The startled cow kicks the pail, sending a spray of milk slopping over the brim. The spillage incites yet more admonishment from her geasa. Desperate to lessen the torment, she blurs forward to right the tipping pail. The cows in the other stalls start lowing, alarmed by the noisy way her visitor writhes in the hay. The pain doesn’t fade until she considers that he may be severely defective and charts the quickest route to alert a human.
When she can speak again, she says, “Are you insane? Why would you do that to us? It wasn’t very nice.”
He straightens, indicating the manor house with a jerk of his head. “There’s a lot of speculation about just how different you might be.” He plucks a tuft of hay from his skeleton and holds it aloft. “I drew the short straw.”

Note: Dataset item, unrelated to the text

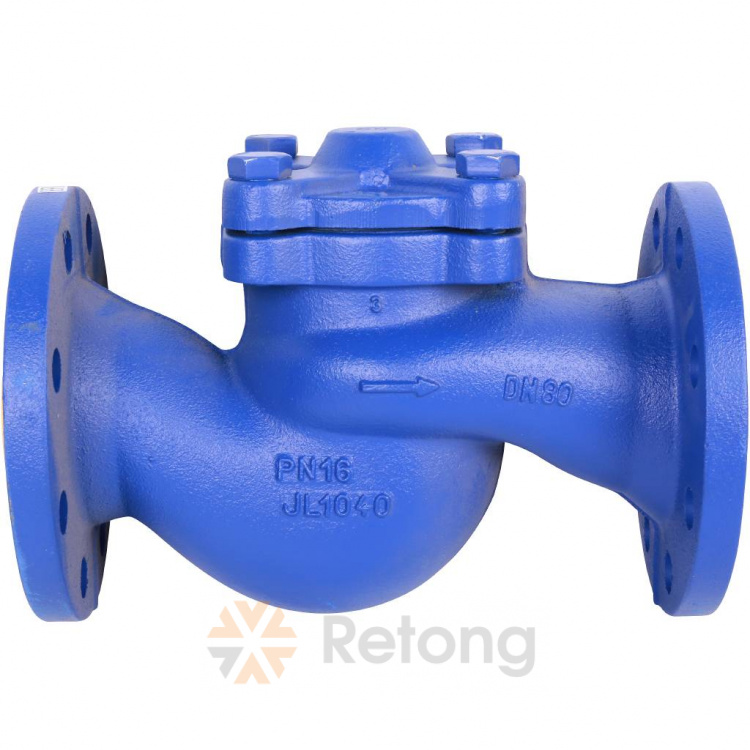 Клапан обратный Zetkama 287A подъемный шток Ду80 Ру16 фл Tmax=300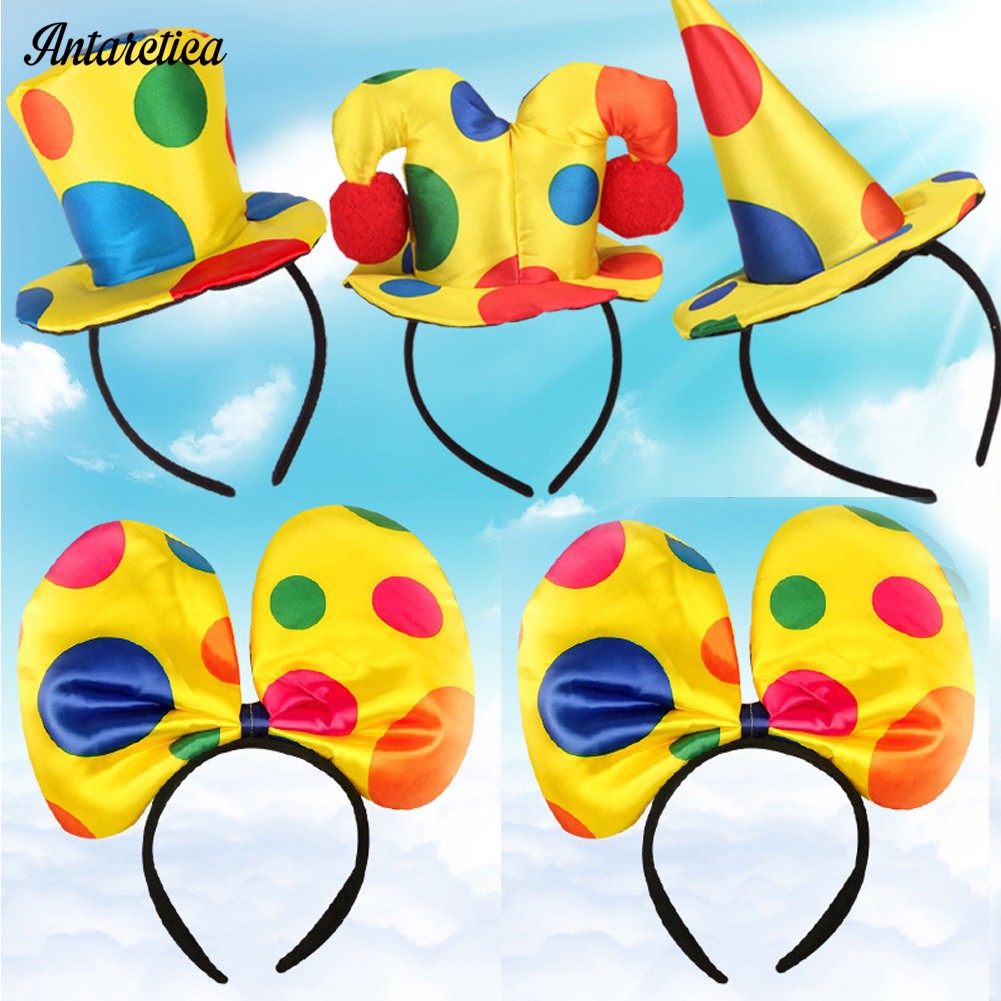 Mũ Chú Hề Jester Chấm Bi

After this Mab meets a friendlier servitor called Maikel, who eventually teaches her how to speak the clicking language.
Years pass, and various set-piece scenes deliver information about the house, the servitors and the world Mab lives in (e.g., while Maikel and Mab are pulling a carriage for their mistress they see a papist couple apprehended by two Stemwinders—mechanical centaurs with four arms—and the man killed). Eventually, the mistress’s baby son Piet grows from a spoiled and greedy infant into a spoiled and greedy young man. Then, during a drunken shooting party (spoiler), he decides to use Maikel as a target. When he damages the servitor—part of Maikel’s skull is blown off—he and his friend Roderik make the mistake of going for a closer look at what is inside Maikel’s head:

He isn’t rendered inert: The shot didn’t scour the sigils from his forehead. That would have been a mercy. Instead, he’s lost a great deal of function, including the ability to speak. But the hierarchical metageasa are relentless. More and more clauses are activated as his body attempts to assess the situation: the severe-damage geas, demanding Maikel notify his leaseholder that the terms of his lease require he go immediately to the Forge, either under his own power or shipped at his owners’ expense if his locomotion is too compromised for the journey; the technology-protection metageasa, demanding he recover every piece of his body and return them safely to the Clockmakers lest they fall into enemy hands; the human-safety metageasa, requiring him to assess whether any shrapnel from his body has harmed the bystanders, and render immediate aid if necessary. . . .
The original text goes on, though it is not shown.